Keep in mind Citigroup has total assets, including off-balance-sheet items, of over $3 trillion. That's five times the size of Lehman Brothers, whose collapse many point to as the main culprit for the market's cliff dive over the past two months. Of course people are going to point to this latest episode as proof that Paulson's plan doesn't work, but when you think about the ramifications of a Citigroup collapse versus the alternative, something had to be done. Citigroup has over 200 million client accounts in 100 countries -- anyone want to take a stab at what that bankruptcy would have looked like, or what effect it would have on an economy already in the throes of a nasty recession?

Will it work?
With that said though, let's keep in mind one of the reasons Citi plunged last week: fear that the first round of TARP money which injected $250 billion into banks like Citi, Bank of America (NYSE:BAC), and JPMorgan Chase (NYSE:JPM) won't be enough to stop the hemorrhaging. That fear might be spot on. As mentioned, Citi has around $3 trillion in assets, so the first $25 billion received from the Treasury added a cushion of just 0.8%. The latest injection brings that total to around 1.5% -- small potatoes when you think about the mayhem in credit markets.

One way Citi may have been able to avoid this second round of bailouts is if it had won the battle with Wells Fargo (NYSE:WFC) over Wachovia (NYSE:WB). That deal would have strengthened Citi's balance sheet with a fat deposit base that could be used as a cheap funding resource to mend its troubles; of course, the deal also called for government assistance in backstopping losses on $312 billion of the combined entity's assets. Potato, po-tah-to.
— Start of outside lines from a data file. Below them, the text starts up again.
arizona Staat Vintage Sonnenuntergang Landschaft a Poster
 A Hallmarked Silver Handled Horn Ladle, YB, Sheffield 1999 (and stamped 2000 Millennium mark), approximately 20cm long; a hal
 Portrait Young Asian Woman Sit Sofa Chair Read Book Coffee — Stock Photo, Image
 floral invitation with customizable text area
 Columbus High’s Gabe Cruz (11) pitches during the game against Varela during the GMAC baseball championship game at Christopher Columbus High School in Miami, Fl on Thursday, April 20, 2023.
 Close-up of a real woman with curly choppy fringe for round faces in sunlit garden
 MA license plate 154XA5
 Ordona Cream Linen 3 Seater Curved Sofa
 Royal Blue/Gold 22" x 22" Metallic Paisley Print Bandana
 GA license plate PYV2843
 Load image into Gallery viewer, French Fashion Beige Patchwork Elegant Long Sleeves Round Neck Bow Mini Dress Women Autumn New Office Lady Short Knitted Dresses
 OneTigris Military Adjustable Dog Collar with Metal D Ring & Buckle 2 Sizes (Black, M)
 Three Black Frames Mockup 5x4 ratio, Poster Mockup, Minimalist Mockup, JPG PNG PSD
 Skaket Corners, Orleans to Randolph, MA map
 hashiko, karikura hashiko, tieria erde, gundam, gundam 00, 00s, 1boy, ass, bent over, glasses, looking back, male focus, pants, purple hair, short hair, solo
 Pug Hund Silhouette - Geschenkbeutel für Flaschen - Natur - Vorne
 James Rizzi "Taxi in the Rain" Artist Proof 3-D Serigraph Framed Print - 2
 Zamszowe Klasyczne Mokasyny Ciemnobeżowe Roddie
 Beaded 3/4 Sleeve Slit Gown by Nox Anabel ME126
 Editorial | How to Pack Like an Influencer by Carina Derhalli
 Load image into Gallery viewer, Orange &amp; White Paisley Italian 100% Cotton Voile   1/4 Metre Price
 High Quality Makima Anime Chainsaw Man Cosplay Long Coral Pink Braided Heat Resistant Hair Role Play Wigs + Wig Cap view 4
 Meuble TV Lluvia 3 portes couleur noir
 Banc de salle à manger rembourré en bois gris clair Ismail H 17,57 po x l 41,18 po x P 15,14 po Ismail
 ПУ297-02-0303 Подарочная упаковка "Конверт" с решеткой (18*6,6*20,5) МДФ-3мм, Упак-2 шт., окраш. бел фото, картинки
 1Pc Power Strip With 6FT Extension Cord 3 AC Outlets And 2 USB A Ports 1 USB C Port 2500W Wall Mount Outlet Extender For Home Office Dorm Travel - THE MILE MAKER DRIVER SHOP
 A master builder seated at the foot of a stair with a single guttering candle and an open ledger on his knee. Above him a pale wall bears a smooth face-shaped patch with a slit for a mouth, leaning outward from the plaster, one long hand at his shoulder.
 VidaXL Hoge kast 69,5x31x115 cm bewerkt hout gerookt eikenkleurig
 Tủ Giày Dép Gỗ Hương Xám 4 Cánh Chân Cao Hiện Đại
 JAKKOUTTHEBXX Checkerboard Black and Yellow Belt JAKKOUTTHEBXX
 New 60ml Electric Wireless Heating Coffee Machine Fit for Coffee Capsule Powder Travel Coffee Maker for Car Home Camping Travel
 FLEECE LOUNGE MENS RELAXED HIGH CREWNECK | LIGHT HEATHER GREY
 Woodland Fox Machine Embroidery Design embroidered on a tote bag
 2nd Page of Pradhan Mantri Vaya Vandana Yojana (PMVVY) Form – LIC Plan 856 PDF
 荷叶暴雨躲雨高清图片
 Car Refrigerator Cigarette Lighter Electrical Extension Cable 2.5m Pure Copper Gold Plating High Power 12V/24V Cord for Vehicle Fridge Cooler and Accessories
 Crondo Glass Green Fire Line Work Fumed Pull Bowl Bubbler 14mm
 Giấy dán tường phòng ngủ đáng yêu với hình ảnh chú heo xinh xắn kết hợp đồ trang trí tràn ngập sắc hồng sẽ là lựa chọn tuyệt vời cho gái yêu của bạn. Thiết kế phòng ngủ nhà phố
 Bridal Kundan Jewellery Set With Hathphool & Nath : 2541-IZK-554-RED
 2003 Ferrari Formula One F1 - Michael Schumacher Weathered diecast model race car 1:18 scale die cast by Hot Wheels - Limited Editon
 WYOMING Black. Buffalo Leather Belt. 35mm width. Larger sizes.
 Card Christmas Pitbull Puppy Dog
The biggest loser from all of this? I don't think it's Citi, Paulson, or taxpayers -- I think it's Chrysler, General Motors (NYSE:GM), and Ford (NYSE:F). One of the central reasons Congress has been hesitant to lend Detroit a hand is fear that it'll just blow through the cash and come back asking for more, which is essentially what Citigroup has done, at least at first glance. If companies that are undeniably in better shape than GM and Ford can't stop their bleeding, good luck trying to convince Washington that Detroit hasn't reached the point of no return.